Le trublion du répertoire
Côté scène, c’est du lourd depuis le début. La première version en 1866 a mis tout le monde d’accord ; depuis, La Vie parisienne n’a jamais quitté le répertoire, s’érigeant en trublion qui s’infiltre dans toutes les salles, inspire pour tout metteur en scène en quête de challenge. Parmi les lectures à retenir, notons :
- la version Renaud Barrault en 1967 avec un casting devenu légendaire, j’ai nommé : Suzy Delair (peut-être une des meilleures Mettela de l’histoire de l’opéra), Denise Benoit, Simone Valère, Madeleine Renaud, Pierre Bertin, Jean Desailly, Jean Parédès (qui interprète plusieurs petits rôles), Jean-Pierre Granval, Jean-Louis Barrault, Georges Cusin, Régis Outin. Jean-Louis Barrault parle alors de « Rock and Roll Napoléon III », c’est dire !
- la version télévisée signée Christian-Jaque en 1977, particulièrement attachante et pleine de peps, avec Jean-Pierre Darras, evelyne Buylle, Bernard alane, Jacques Legras, Dany Saval et consort.

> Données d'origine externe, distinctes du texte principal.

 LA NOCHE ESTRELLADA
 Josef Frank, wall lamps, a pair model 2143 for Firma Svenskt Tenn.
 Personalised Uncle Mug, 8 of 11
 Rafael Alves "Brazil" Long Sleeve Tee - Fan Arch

- la version Daniel Mesguich à la Comédie française 1997 avec Bérengère Dautun, Thierry Hancisse, Catherine Salviat, Christian Blanc entre autres (et un passage absolument hilarant sur les ateliers Brecht en chaussettes).
- la version Jérôme Savary à l’Opéra comique en 2002, pétillante et complètement déjantée comme seul Savary est capable.
- la version Laurent Pelly qui joue la carte du décalage historique en propulsant l’intrigue dans le Paris d’aujourd’hui.
- la version Christian Lacroix, pas forcément ma préférée mais notable pour ses costumes, son côté foutraque.
Approches traditionnelles en costumes et décours d’époque ou visions plus modernes et dans le vent, la mise en scène de La Vie parisienne jongle sur la décomplexion, le clownesque, l’ironie… sans oublier la danse, l’incontournable cancan, le galop final qui demande une chorégraphie étudiée. Enjeu : ne jamais tomber ni dans le vulgaire ni dans le grotesque, tout en conservant l’énergie toute particulière de cette oeuvre sans précédent, qui un siècle et demi après sa création, demeure d’une actualité impressionnante. Bref, un vrai classique à (re)découvrir avec l’oreille et les yeux bien ouverts.